*TASK OBJECTIVE*:
Only the lines below between the one holding "Nine gold-plated connector" and the one holding "8' Ivory And", inclusive, are to be reproduced word for word; the pictures are to be left out.

--- START ---

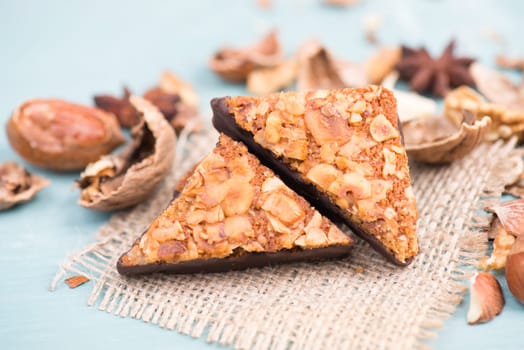Nut corner, traditional german sweets called Nussecke, covered with chocolate, christmas baking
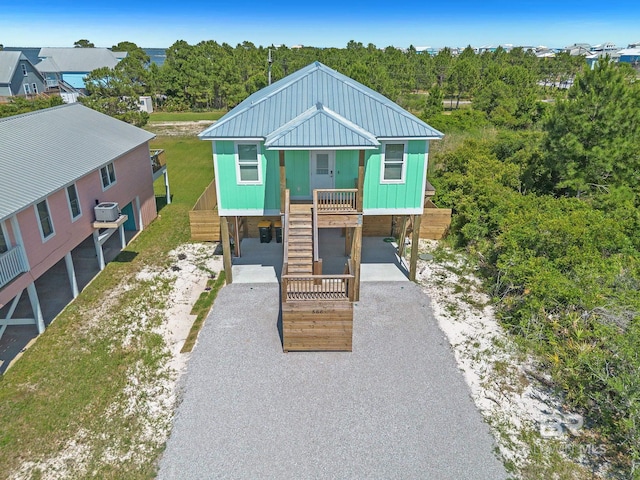 566 Boykin Ct N, Gulf Shores, AL 36542 - beach home with a carport, driveway, stairs, covered porch, and metal roof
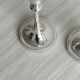 Pair of white metal candlesticks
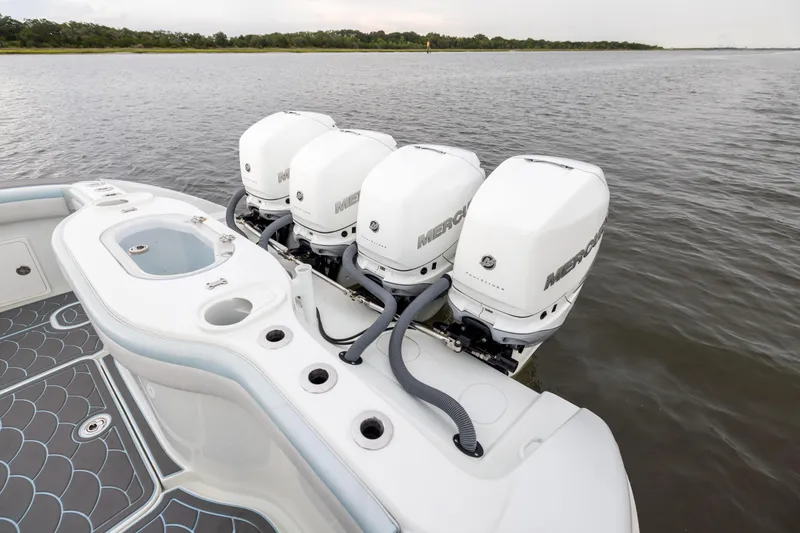 Slide: The Image of 2018 Yellowfin 39 Offshore boat with four Mercury outboard engines on calm water. - 33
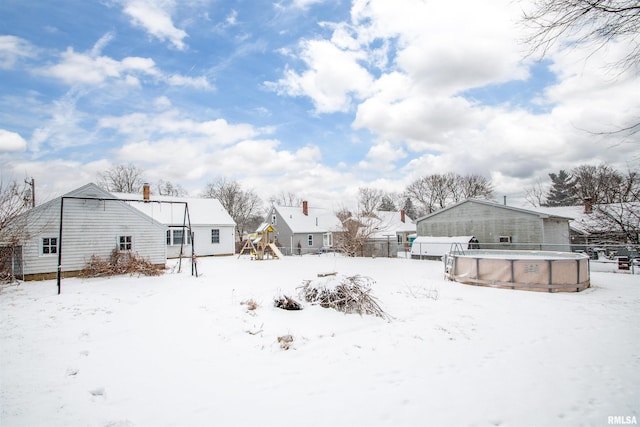 view of yard covered in snow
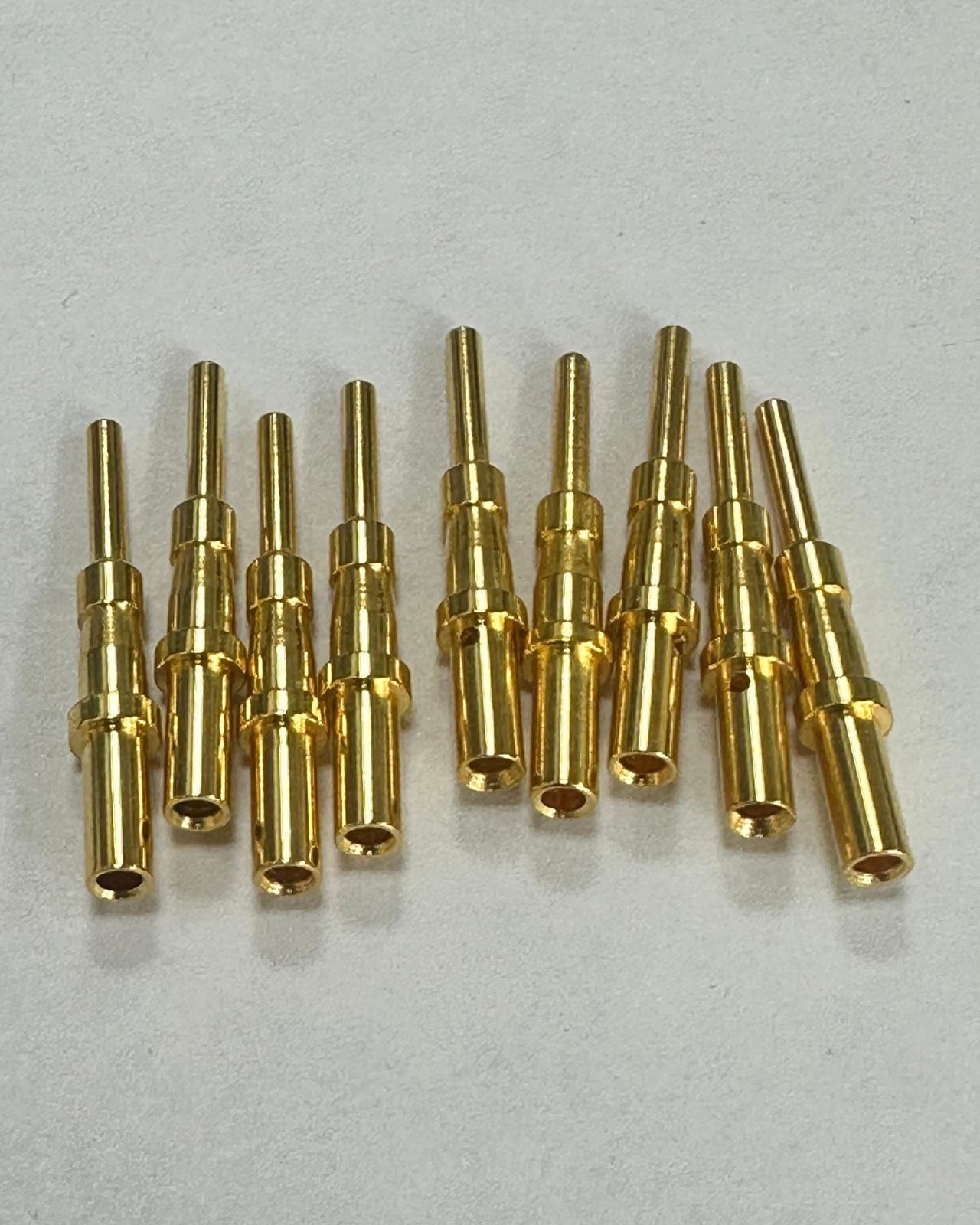 Nine gold-plated connector pins on white paper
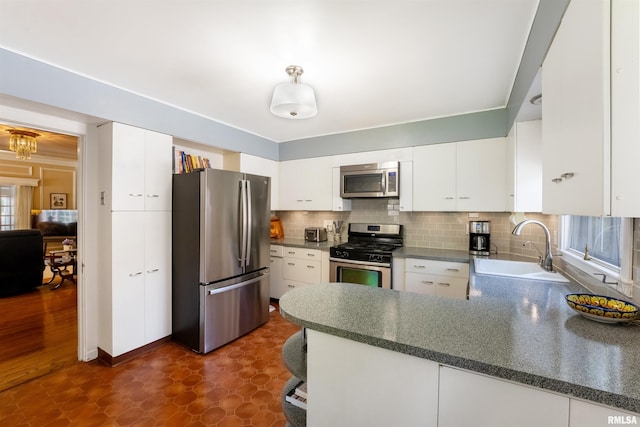 2615 12th St, Moline, IL 61265 - kitchen featuring stainless steel appliances, a sink, a peninsula, dark flooring, and white cabinetry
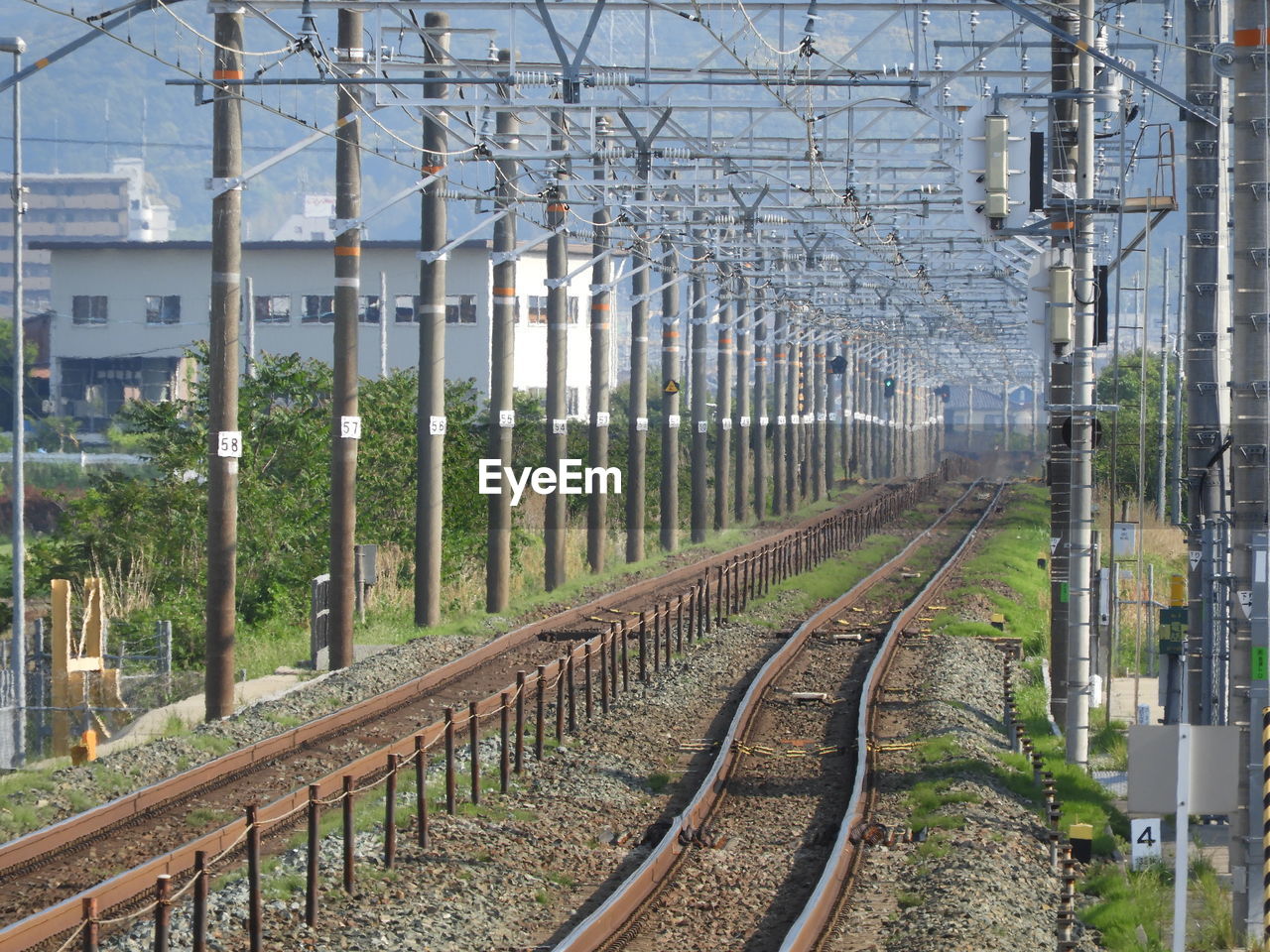 RAILROAD TRACKS IN CITY AGAINST CLEAR SKY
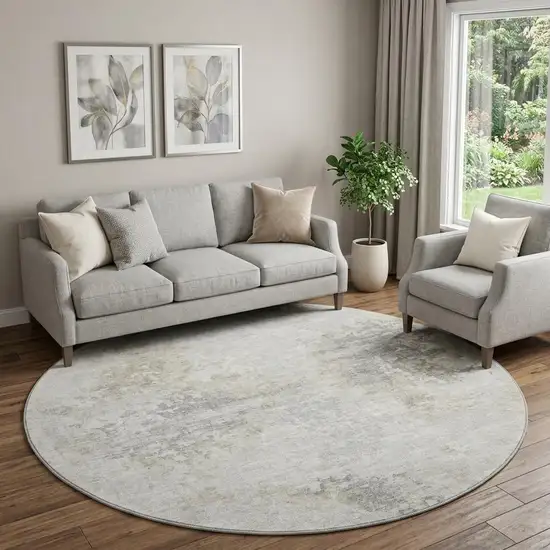 8' Ivory And Beige Abstract Washable Round Rug With UV Protection Photo 1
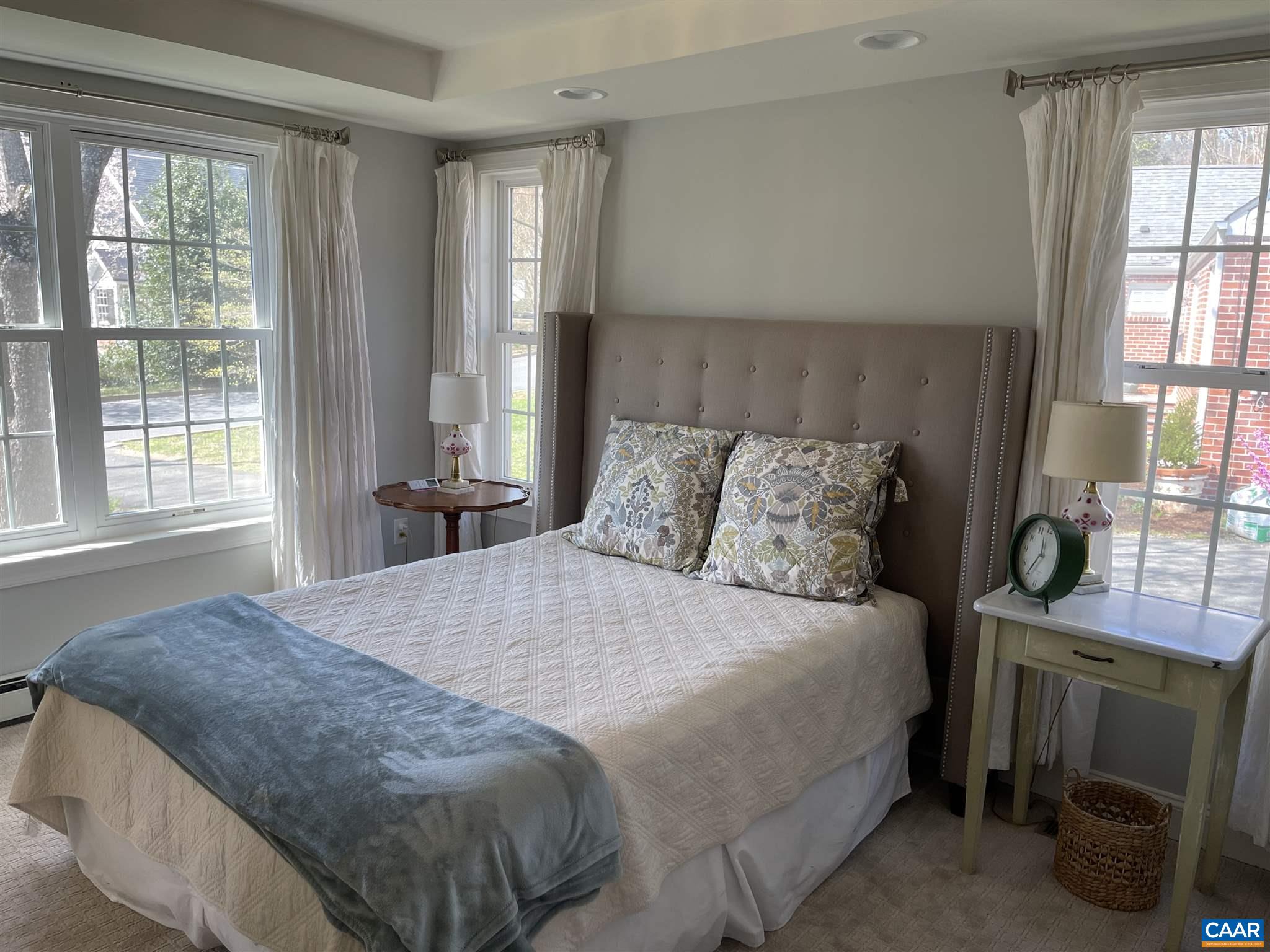1953 Thomson Road Charlottesville, VA 22903 - Photo 6 of 7 a bedroom with a bed and a window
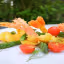 The image is a well-lit and photo-realistic depiction of a food dish featuring fried shrimp, asparagus, and cherry tomatoes. The colors are vibrant and appear accurate, enhancing the appeal of the meal. The main subjects are sharp and in focus with a pleasant shallow depth of field that blurs the background.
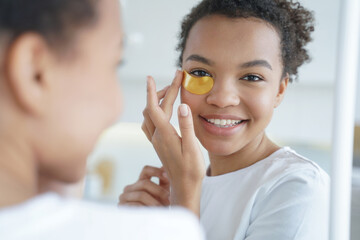 Smiling young mixed race teen girl apply gold under eye patches. Skincare treatment, beauty routine - Powered by Adobe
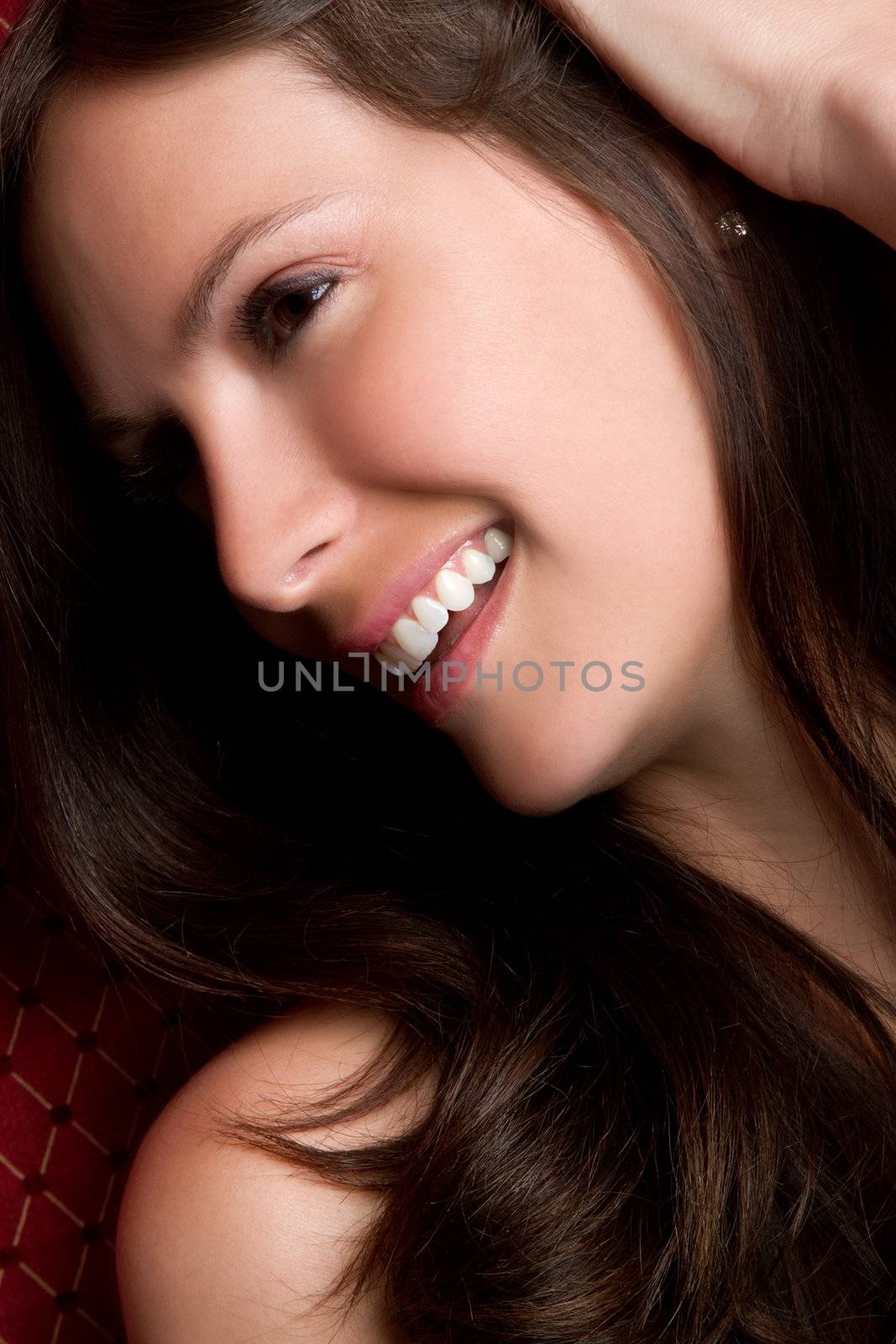 Beautiful laughing brunette woman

--- END ---

*ANSWER TO THE PROBLEM*:
 Nine gold-plated connector pins on white paper
 2615 12th St, Moline, IL 61265 - kitchen featuring stainless steel appliances, a sink, a peninsula, dark flooring, and white cabinetry
 RAILROAD TRACKS IN CITY AGAINST CLEAR SKY
 8' Ivory And Beige Abstract Washable Round Rug With UV Protection Photo 1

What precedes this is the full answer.